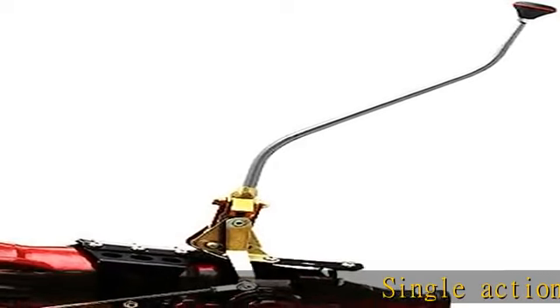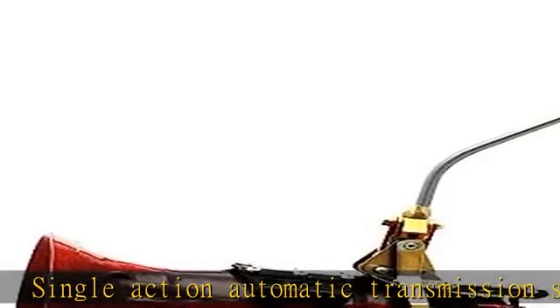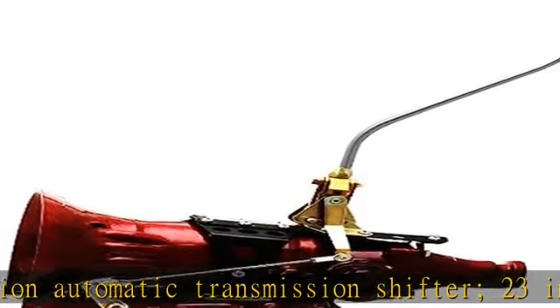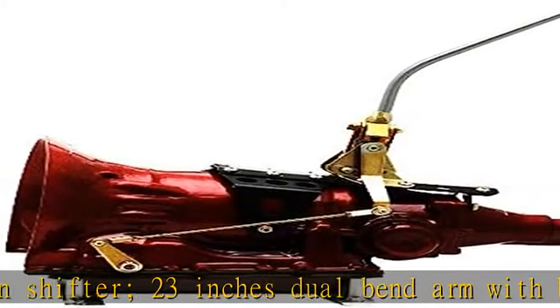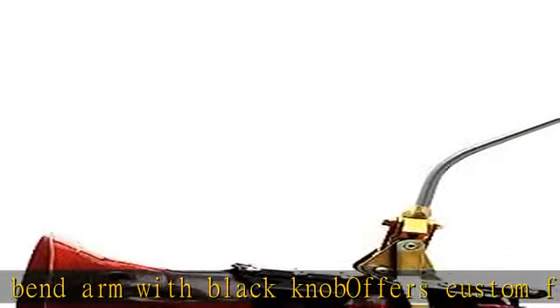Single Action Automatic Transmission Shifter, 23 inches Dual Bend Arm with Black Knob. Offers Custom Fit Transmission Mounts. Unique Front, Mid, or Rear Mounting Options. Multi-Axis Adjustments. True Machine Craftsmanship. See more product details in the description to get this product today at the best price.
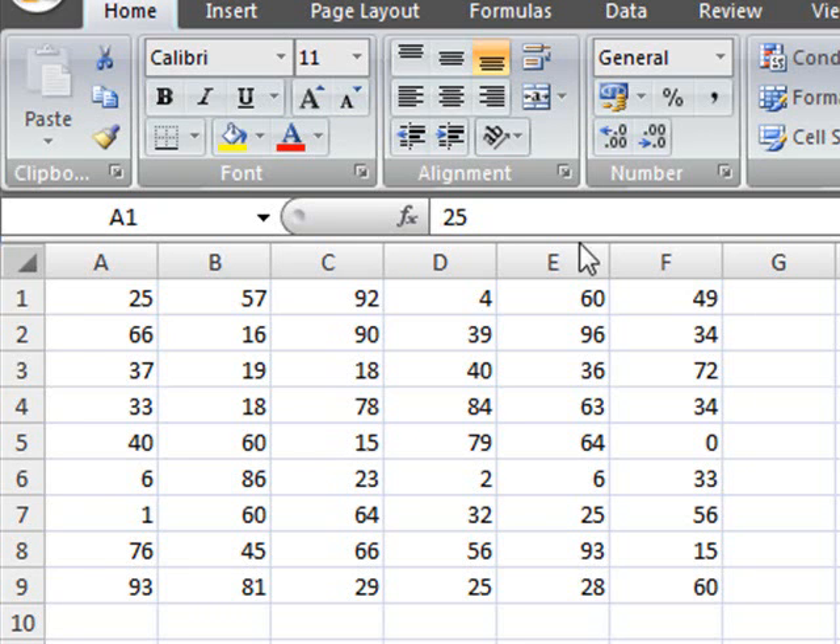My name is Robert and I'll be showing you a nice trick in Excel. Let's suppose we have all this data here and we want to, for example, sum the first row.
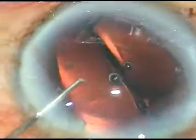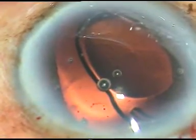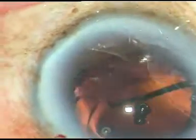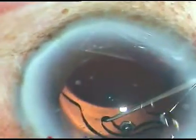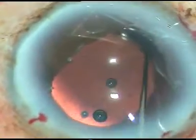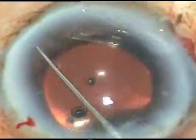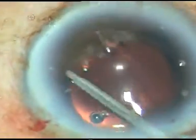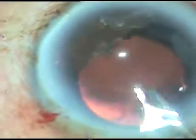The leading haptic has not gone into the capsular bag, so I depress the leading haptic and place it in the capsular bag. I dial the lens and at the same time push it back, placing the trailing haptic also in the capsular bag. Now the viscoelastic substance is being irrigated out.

---

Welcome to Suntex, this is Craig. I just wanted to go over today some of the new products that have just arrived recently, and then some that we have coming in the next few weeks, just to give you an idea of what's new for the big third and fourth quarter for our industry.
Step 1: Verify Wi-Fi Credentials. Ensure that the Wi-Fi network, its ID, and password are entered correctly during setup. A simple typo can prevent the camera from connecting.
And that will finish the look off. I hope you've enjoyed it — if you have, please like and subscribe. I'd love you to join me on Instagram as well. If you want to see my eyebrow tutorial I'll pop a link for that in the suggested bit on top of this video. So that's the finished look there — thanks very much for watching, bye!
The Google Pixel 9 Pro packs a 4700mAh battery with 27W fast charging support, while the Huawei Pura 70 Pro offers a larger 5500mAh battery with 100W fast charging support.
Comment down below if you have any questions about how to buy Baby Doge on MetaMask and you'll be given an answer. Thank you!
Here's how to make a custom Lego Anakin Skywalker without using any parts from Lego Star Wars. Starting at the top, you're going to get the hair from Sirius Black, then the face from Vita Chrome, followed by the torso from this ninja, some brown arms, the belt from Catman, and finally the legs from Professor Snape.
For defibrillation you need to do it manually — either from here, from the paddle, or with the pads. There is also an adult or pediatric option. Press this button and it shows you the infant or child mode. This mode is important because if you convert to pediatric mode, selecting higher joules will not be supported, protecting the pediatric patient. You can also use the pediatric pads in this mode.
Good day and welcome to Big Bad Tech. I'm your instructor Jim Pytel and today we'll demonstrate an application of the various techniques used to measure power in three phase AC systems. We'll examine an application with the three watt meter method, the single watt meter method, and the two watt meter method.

▶ [Work to complete]: Return word for word the lines above from the line with "Comment down below" to the line with "Here's how to", including both and leaving out all others.

▶ [Solution to this problem]:
Comment down below if you have any questions about how to buy Baby Doge on MetaMask and you'll be given an answer. Thank you!
Here's how to make a custom Lego Anakin Skywalker without using any parts from Lego Star Wars. Starting at the top, you're going to get the hair from Sirius Black, then the face from Vita Chrome, followed by the torso from this ninja, some brown arms, the belt from Catman, and finally the legs from Professor Snape.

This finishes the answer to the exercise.